Tuesday, April 19, 2016

VOTER SUPPRESSION: Corporate Media refuses to report about Major Suppression.

http://www.alternet.org/election-2016/corporate-media-cant-be-bothered-report-gops-voting-suppression?akid=14177.294211.RHDBSS&rd=1&src=newsletter1054788&t=22

Anyway, Trump’s whining over the naked attempts to deny him the nomination underscores the media’s misplaced priorities when it comes to reporting the real tragedy of Republican voter abuse—one that has gotten some attention, especially and thankfully on this site, but nowhere near the amount it should in the MSM, given how important and reprehensible it is. I am talking about systematic efforts by the GOP to throw impediments in the way of minority voters, poor voters and young voters simply trying to cast their ballots.
This is a scandal of gigantic proportions. The Republican Party has done a plethora of heinous things over the years to the poor and powerless, but to actively prevent people from voting may be their cruelest and most shameful achievement yet.

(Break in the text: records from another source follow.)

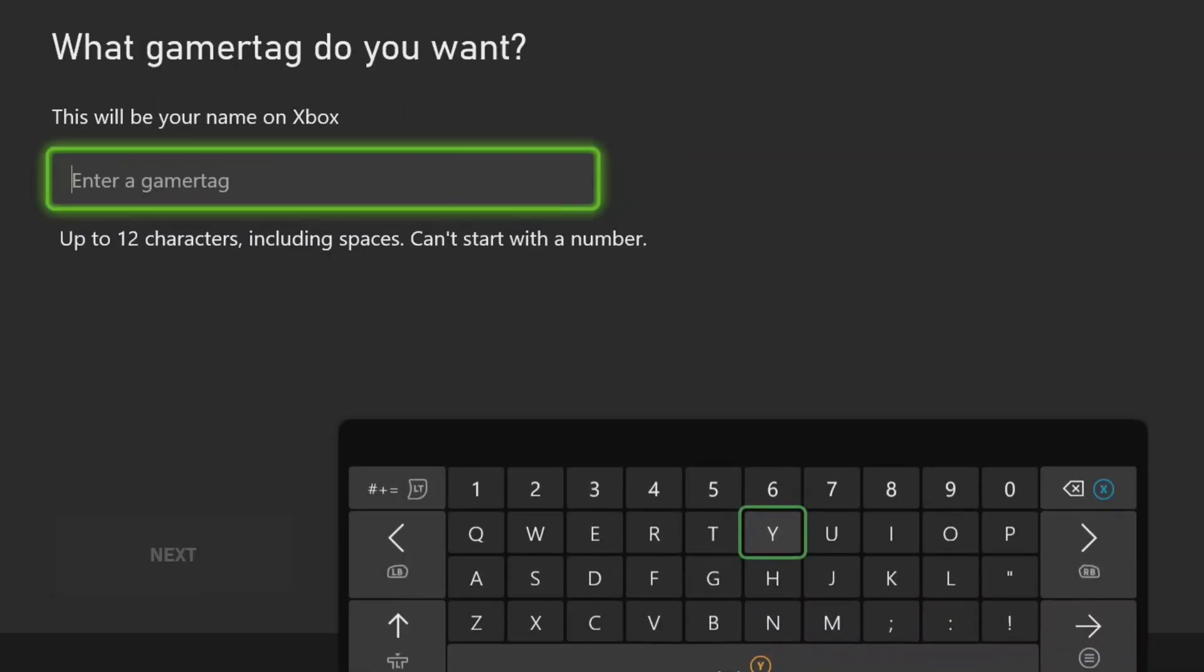Here's where you create your gamer tag. This is what other people will see when you sign in online.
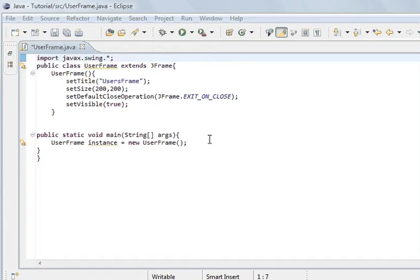Components are things like buttons, checkboxes, labels, text areas, these sort of things. And a container is a frame and it's also a panel.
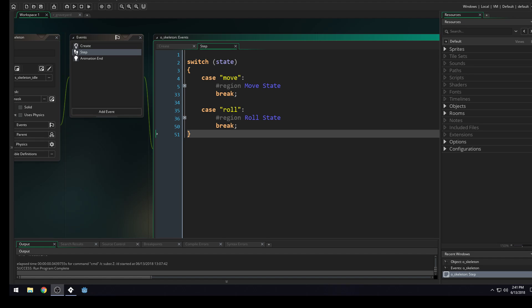Good morning, afternoon, or evening, wherever and whenever you are. My name is Benjamin, and welcome to another lesson for our 2D hack and slash game, made in Game Maker.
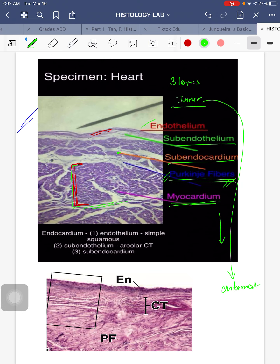Going lower we come to the epicardium, which we'll discuss in the next slide. To emphasize: the Purkinje fibers — one of the heart's impulse conducting systems — are found in the layer of your endocardium, specifically in the subendocardium layer. Above the subendocardium is connective tissue, labeled CT. And the subendothelium is below the endothelium, which is lined by simple squamous epithelium.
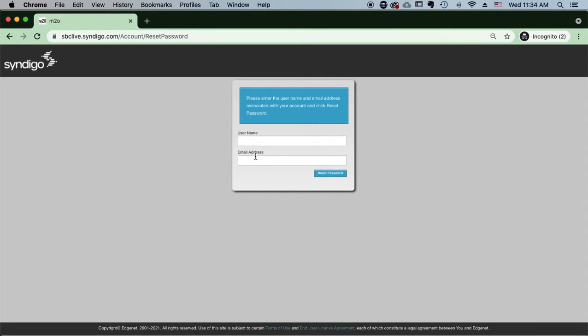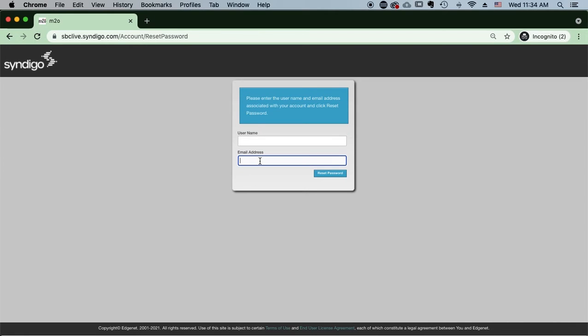Next thing you will do is you will enter in your username and then you will enter in your email address. Both the username and email address should be associated with your account. Once you enter that criteria,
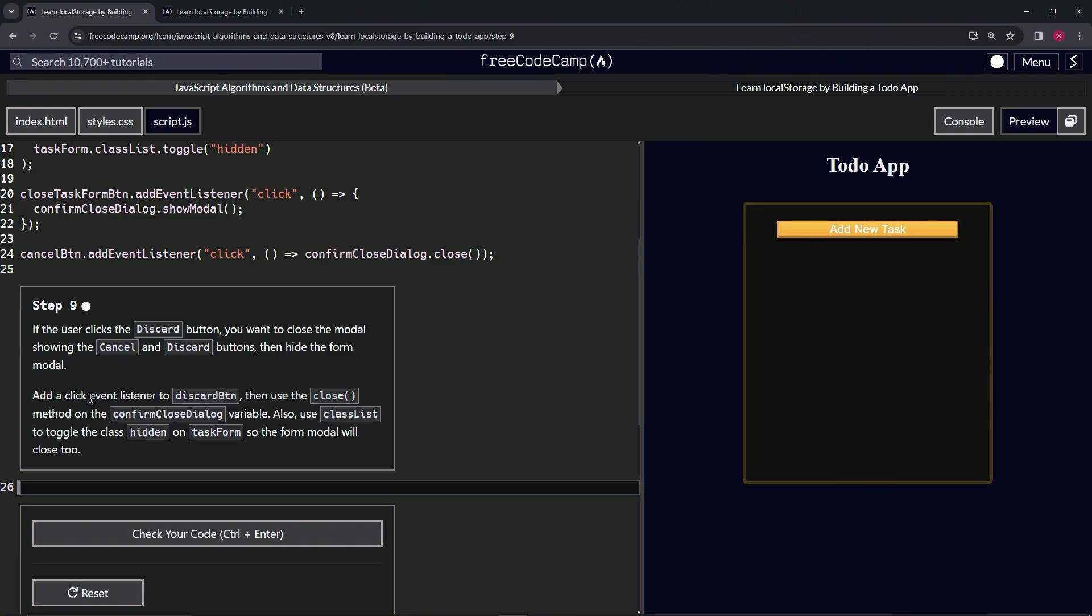We're going to add a click event listener to the discard button. And then we're going to use the close method on the confirm close dialog variable. All right. Also, we're going to use classList to toggle the class hidden on task form, so the form modal will close too.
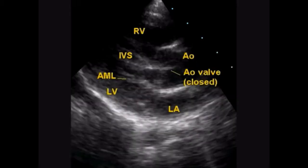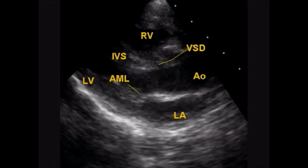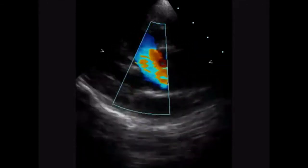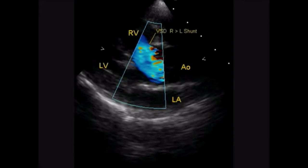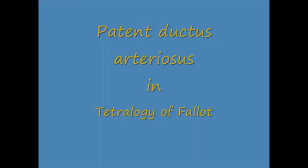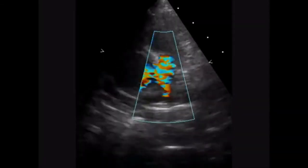This is the parasternal long axis view in Tetralogy of Fallot. The aortic wall is seen in the closed position. You can see the ventricular septal defect, which is sub-aortic, and you can see the right-to-left flow across the interventricular septal defect, which is blue in colour — it is away from the transducer.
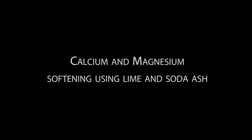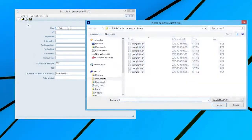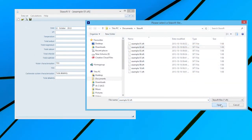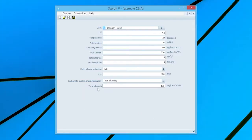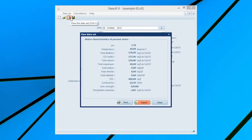Calcium and magnesium softening using lime and soda ash. Select Data Set 2 from Example 2 in the manual. Selection of the View option will bring up the window displaying the characteristics for the present water onto the screen.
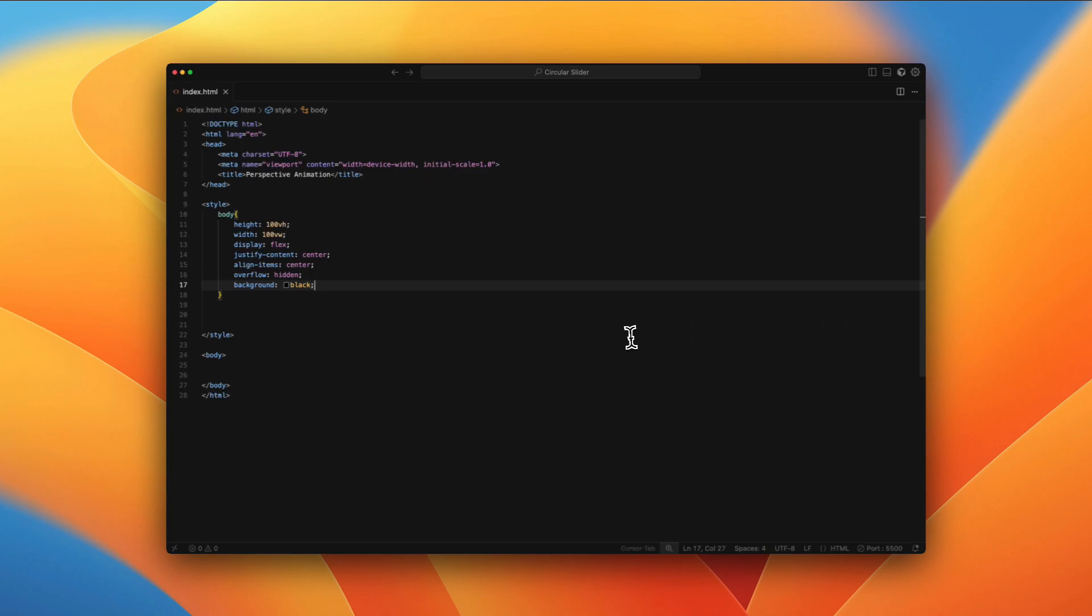So here I am in my index.html file with just a boilerplate and a little bit of styling to the body just so that we can have a fixed width and height, basically taking the entire screen, everything in the center using display flex and background as black.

In no way should this be a partisan issue. It strikes at the very heart of our democracy where, it should go without saying, every effort must be taken to make voting easier. And yet the media don’t seem to be particularly exercised about voter suppression. Why? I think it is because it doesn’t fit the template of scandal the media love to report.

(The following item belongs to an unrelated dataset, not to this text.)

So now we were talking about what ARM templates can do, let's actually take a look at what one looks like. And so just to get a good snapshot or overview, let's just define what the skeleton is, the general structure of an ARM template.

Think about it. One of our two major political parties has long been dedicated to subverting the democratic process. You could almost say that voter suppression and manipulation is hard-wired into the modern Republican Party—from the early 1960s, when William Rehnquist, then an attorney and Republican activist and later Supreme Court chief justice, was accused of patrolling Arizona polling places and intimidating black and Latino voters; to the 2000 Supreme Courtcoup d’état awarding the election to George W. Bush by denying Florida voters their choice; to the Supreme Court gutting the Voting Rights Act in 2013 by invalidating the provision that required certain jurisdictions to get federal approval for new election laws.